Would you repeat word for word the lines of the listing that follows, from the one with "彼の恵みは十分なメッセージ前向き – クリスチャン Tシャツ" up to and including the one with "(iii) Identify each mechanism as Sn1 or Sn2.", and leave out the images?

┄┄┄┄┄┄

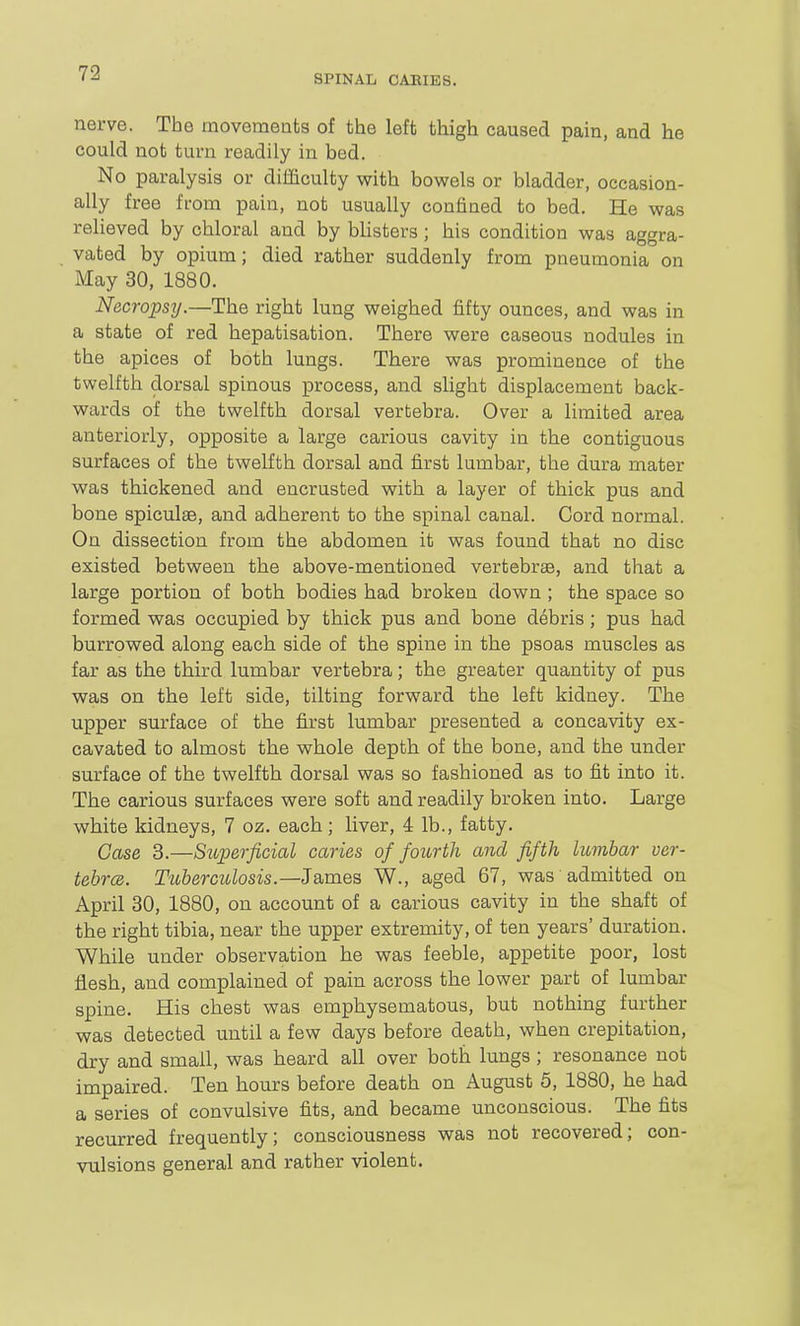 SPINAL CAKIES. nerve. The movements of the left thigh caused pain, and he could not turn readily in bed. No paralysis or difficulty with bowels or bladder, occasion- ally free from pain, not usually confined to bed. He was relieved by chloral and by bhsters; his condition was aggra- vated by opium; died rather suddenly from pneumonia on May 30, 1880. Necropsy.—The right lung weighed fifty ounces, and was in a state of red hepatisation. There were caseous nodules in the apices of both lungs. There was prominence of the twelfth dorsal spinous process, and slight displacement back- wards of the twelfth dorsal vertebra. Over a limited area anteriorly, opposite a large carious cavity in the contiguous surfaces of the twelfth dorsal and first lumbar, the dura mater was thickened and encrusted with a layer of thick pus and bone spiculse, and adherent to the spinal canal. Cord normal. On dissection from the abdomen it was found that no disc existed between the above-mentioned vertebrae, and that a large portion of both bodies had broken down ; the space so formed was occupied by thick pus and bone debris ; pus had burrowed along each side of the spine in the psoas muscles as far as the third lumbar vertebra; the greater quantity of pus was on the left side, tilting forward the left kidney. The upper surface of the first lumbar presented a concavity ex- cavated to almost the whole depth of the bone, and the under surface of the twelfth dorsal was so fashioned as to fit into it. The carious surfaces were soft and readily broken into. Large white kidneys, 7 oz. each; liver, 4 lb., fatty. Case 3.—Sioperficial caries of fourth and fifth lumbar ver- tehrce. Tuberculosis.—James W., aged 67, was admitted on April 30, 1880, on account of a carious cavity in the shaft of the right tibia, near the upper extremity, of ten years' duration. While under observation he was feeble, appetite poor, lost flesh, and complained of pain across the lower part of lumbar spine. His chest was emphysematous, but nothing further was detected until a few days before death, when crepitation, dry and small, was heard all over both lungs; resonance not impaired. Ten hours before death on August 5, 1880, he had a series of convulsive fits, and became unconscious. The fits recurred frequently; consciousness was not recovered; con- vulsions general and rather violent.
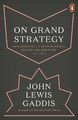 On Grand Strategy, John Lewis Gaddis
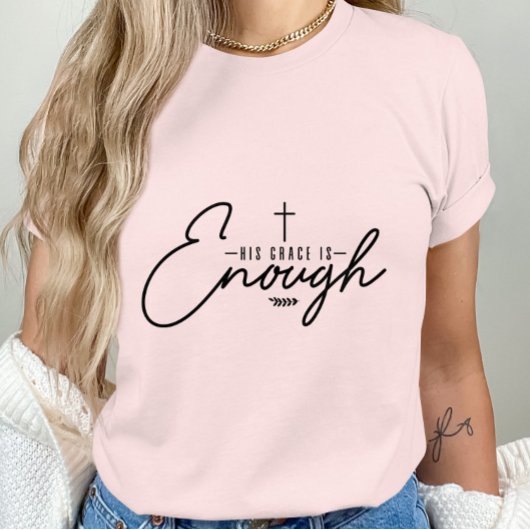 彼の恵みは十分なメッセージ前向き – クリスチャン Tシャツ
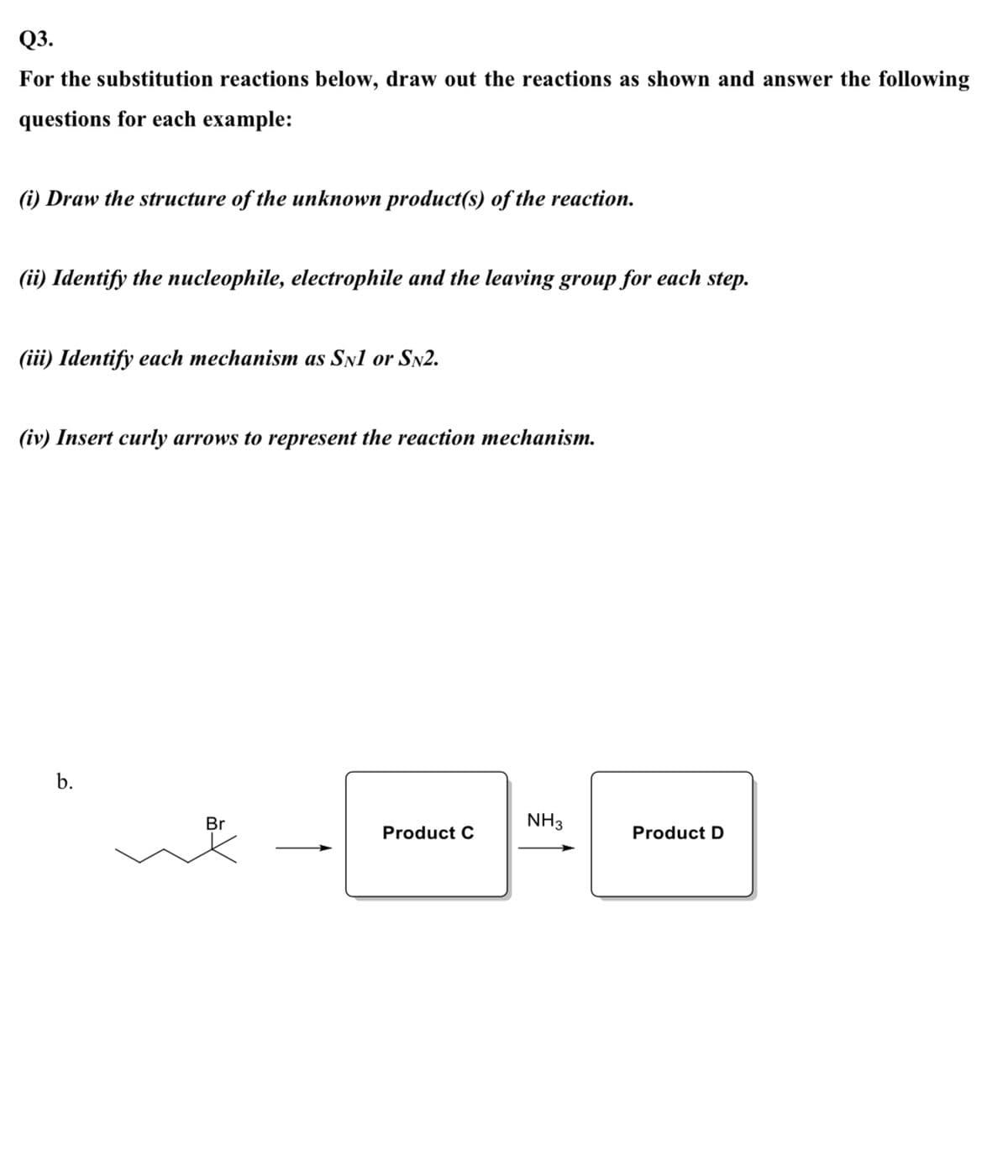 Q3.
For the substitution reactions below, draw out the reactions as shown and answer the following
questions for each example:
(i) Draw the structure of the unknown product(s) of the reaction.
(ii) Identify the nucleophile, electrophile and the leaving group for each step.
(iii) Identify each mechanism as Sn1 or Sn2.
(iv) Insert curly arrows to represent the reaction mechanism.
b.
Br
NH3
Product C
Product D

┄┄┄┄┄┄

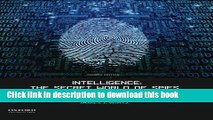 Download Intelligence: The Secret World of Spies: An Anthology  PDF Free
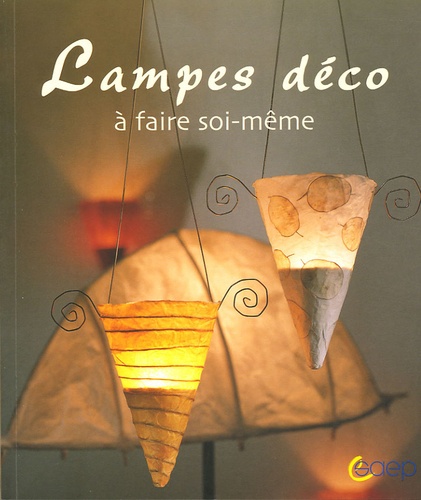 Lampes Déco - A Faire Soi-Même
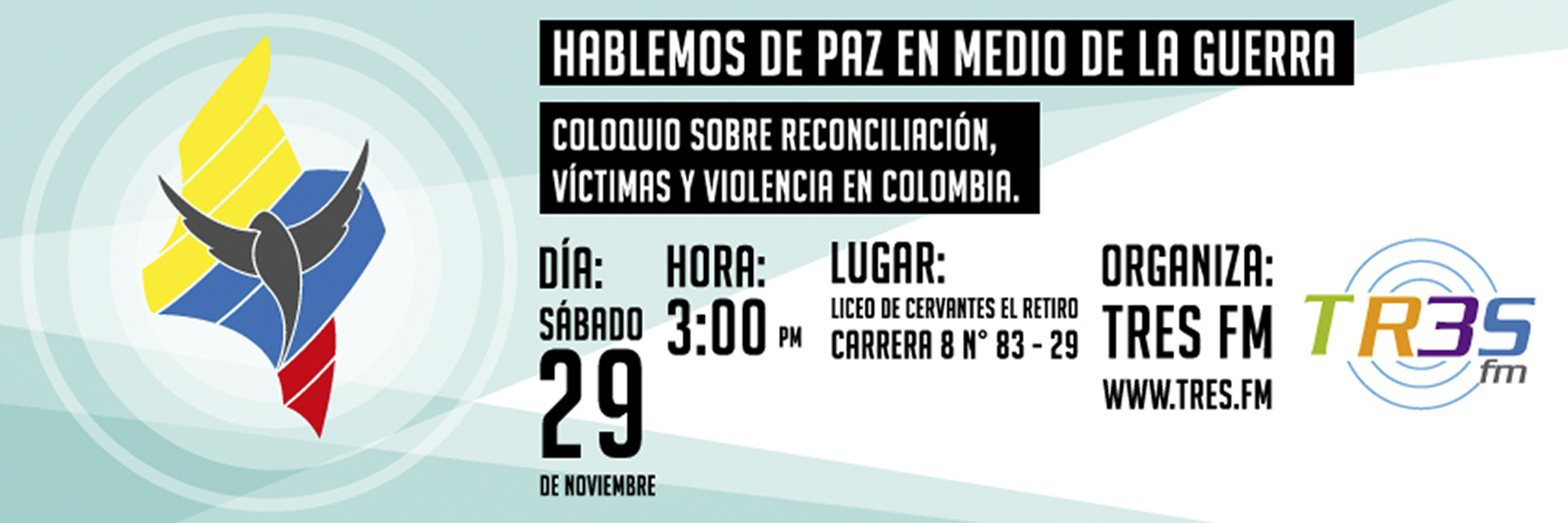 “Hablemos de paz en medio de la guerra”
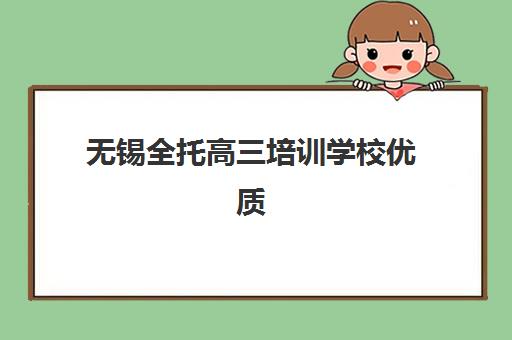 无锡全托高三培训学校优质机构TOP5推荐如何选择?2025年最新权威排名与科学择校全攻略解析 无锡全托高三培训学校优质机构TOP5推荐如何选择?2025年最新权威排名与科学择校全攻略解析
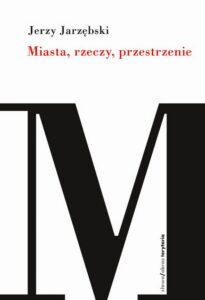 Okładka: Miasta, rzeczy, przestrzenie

┄┄┄┄┄┄

:: Exercise result ::
 彼の恵みは十分なメッセージ前向き – クリスチャン Tシャツ
 Q3.
For the substitution reactions below, draw out the reactions as shown and answer the following
questions for each example:
(i) Draw the structure of the unknown product(s) of the reaction.
(ii) Identify the nucleophile, electrophile and the leaving group for each step.
(iii) Identify each mechanism as Sn1 or Sn2.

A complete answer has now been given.